Samson Oil and Gas USA Inc., a wholly owned subsidiary of Samson Oil and Gas Ltd., has provided an update of its pending acquisition to acquire oil and gas leases, producing oil and gas wells, currently shut-in wells and associated facilities in North Dakota and Montana for consideration of $16.5 million. That acquisition was due to close on Feb. 15, but Samson says that the continuing volatility in petroleum markets has prevented the company from concluding arrangements for financing of the acquired assets with its primary lender.

While Samson remains optimistic that it will obtain the necessary financing and close the acquisition, its failure to meet the Feb. 15 deadline entitles the seller to terminate the purchase agreement at any time. Samson currently expects that the necessary financing will be obtained on or before Feb. 29, and that the seller will close the sale on that date. There can be no assurance, however, that the seller will not exercise its right to terminate before Samson obtains the funds needed and closes the transaction.

The original purchase price was based upon petroleum prices in the fourth quarter of 2015, which were higher than current prices. Given this decline, it was necessary for Samson to reexamine and revise the expected lifting costs associated with this asset and to then reestimate the reserves associated with the acquisition. The original reserve estimate used, as is normal industry practice was the historical cost incurred by the current owner. The oil service industry has responded to the lower oil price environment by generally lowering the cost of services.

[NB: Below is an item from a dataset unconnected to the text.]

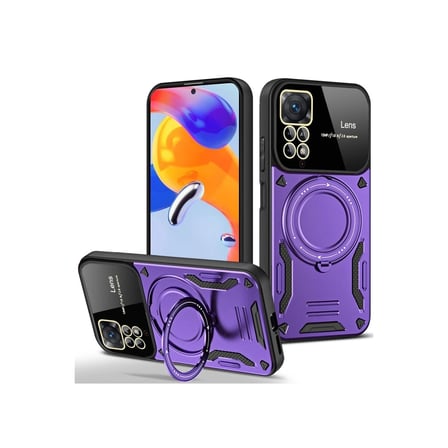 Xiaomi Redmi Note 11 Pro Kılıf Joy Lens Standlı Kapak - Mor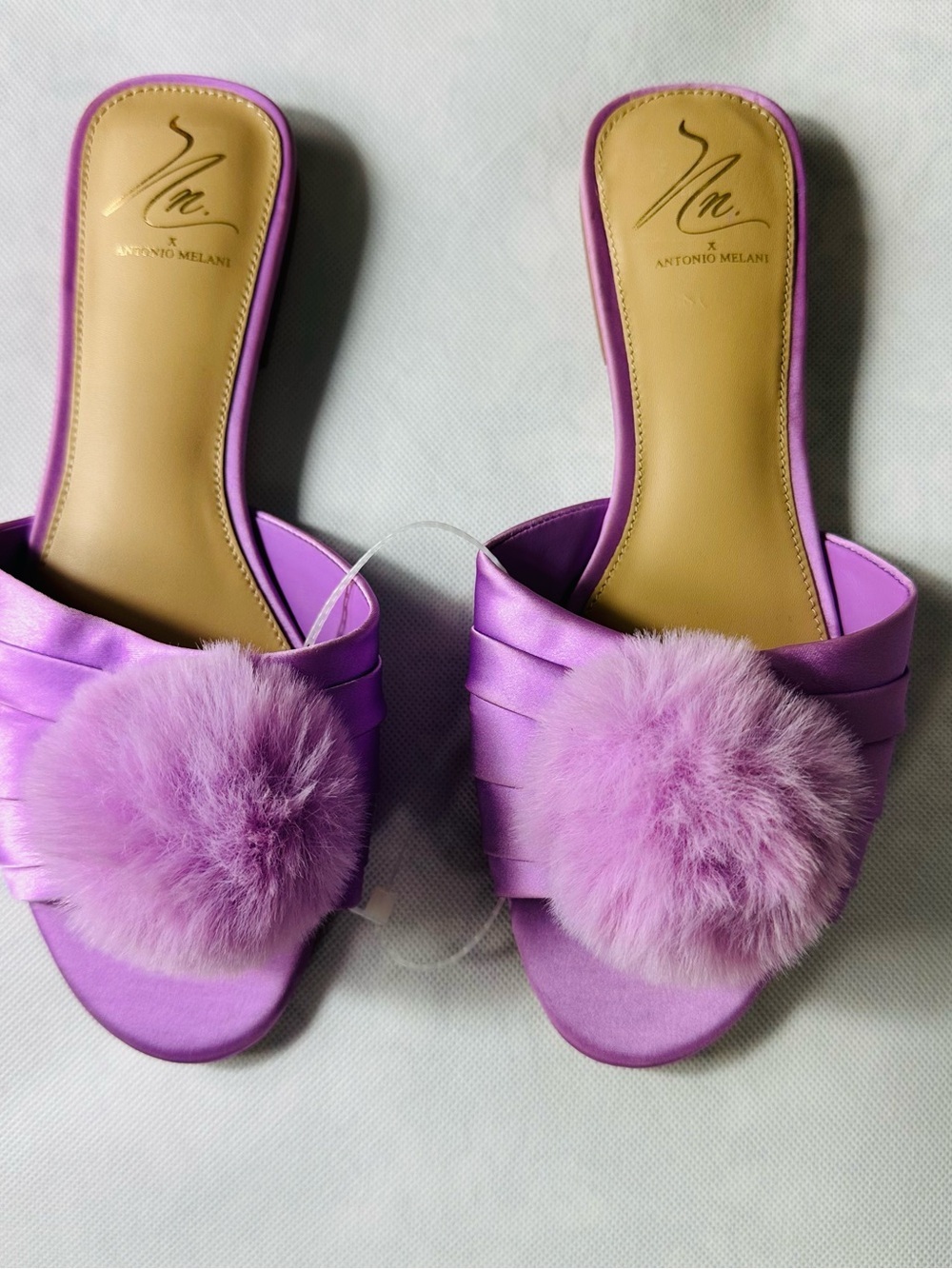 ANTONIO MELANI Lilac Pom-Pom Satin Slide Mules - Picture 7 of 10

As a result, Samson has obtained contract proposals for well operations which reduces the estimated cost per well.

As a consequence of this and other initiatives, including an advantageous crude marketing arrangement, Netherland Sewell, & Associates Inc. has estimated that the properties contain proved reserves of 6.7 million barrels with a net present value of $51.648 million, as at Oct. 1, 2015, the effective date of the transaction, and based on current NYMEX strip parameters.